Jonathan Author of Robopenguins

x86 Boot Loading

In my previous careers, I’ve spent a decent amount of time involved with bringing up processors in embedded platforms. However, despite spending a decent amount of time working with bootloaders and bare metal processors, I still don’t have a great sense of exactly what they do and how software is built for them. As a learning exercise, I’m in the process of going from the lowest level with the goal of having a loose understanding of most of what it takes to bring up a Linux OS.

Choosing My Initial Approach

There’s a lot of moving parts when booting a processor. I spent a couple days digging into the following areas:

  • PXE - This is a protocol for having the boot process pull the images over the network
  • BIOS Protected Mode Programming - This is the environment you are programming in when you run code before any other bootloader
  • Cross Compiling Linux - This is my end goal. I could either build the pieces from individual source repos, or use a framework like BuildRoot.
  • QEMU - This is an emulator that can make testing development a lot simpler by removing hardware from the equation
  • Asm Programming - I’ve done a tiny bit of assembly programming, but have very limited x86 knowledge.
  • GDB - Good for inspecting the code running in QEMU


I had two old laptops to play around with. I thought that if I could set up network boot, it would make testing builds on the actual hardware fairly easy. One laptop didn’t support network boot, but the other did have PXE 2.0 built in.

I used tftpd32 on a windows machine connected by a USB-Ethernet dongle to the laptop. It configures a DHCP server to give the laptop an address, and a TFTP server to host the image files.
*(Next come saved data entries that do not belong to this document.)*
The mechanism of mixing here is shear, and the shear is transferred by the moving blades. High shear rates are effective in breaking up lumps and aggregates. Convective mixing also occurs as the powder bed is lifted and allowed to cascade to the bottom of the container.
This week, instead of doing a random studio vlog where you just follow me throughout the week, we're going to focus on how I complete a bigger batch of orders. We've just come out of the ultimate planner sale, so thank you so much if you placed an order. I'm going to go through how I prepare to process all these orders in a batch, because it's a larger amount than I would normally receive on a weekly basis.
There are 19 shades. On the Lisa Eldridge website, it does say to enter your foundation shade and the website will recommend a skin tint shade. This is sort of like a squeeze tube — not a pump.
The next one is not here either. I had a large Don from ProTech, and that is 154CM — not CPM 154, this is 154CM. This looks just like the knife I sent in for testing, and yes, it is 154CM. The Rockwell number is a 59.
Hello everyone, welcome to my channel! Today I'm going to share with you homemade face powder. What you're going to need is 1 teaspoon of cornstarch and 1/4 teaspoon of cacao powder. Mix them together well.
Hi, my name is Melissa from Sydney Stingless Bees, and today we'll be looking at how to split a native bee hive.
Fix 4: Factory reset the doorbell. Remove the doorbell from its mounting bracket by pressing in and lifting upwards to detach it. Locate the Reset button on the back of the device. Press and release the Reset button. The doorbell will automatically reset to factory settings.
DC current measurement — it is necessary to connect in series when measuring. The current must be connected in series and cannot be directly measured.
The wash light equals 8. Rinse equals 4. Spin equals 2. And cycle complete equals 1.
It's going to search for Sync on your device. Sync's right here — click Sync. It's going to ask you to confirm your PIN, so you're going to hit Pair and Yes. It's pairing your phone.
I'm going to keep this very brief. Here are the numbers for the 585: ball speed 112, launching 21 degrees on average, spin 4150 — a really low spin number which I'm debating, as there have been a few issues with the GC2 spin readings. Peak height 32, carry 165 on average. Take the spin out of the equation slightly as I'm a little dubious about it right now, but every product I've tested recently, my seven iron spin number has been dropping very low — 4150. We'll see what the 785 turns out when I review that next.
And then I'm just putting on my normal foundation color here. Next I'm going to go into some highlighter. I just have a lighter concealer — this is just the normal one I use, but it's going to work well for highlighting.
For some reason the built in PXE wasn’t correctly getting the DHCP leases. Eventually, booted a USB image with iPXE which was able to boot from my TFTP server.

I was testing with CentOS images. It would start by loading a vmlinuz (Linux kernel) and initrd.img (root file system). This would then bootstrap a larger image with the live OS.

It wasn’t entirely clear how I would need to package any code I built do be able to be loaded through PXE, so I decided to move on to testing with QEMU


Since I had some issues with netboot on my real hardware, I decided to try it with QEMU. This turned out to be especially complicated since I was running QEMU in a Linux VM, and the networking was pretty complicated. I did find this article on how to do it, but network challenges with the VM, made me give up and move on to testing with a disk image.

The main other functionality I needed to look up, was starting a debugging session in QEMU.

Cross Compiling Linux

To try to test the PXE boot with a custom image, I decided to build a full custom Linux image. I figured I could look at how the images were being packaged, and see if I could figure out how to just build a custom bootloader. I looked at Yocto and Buildroot. I went with Buildroot since the internet described it as the simpler option, and I had some familiarity with it.

Here’s how I build it:

git clone
cd buildroot 
make qemu_x86_defconfig
sudo apt-get install libncurses-dev
make menuconfig # set desired build output

It took a few hours to build, but I had an image. I was able to load it into QEMU fairly easily, but I had trouble getting the networking working.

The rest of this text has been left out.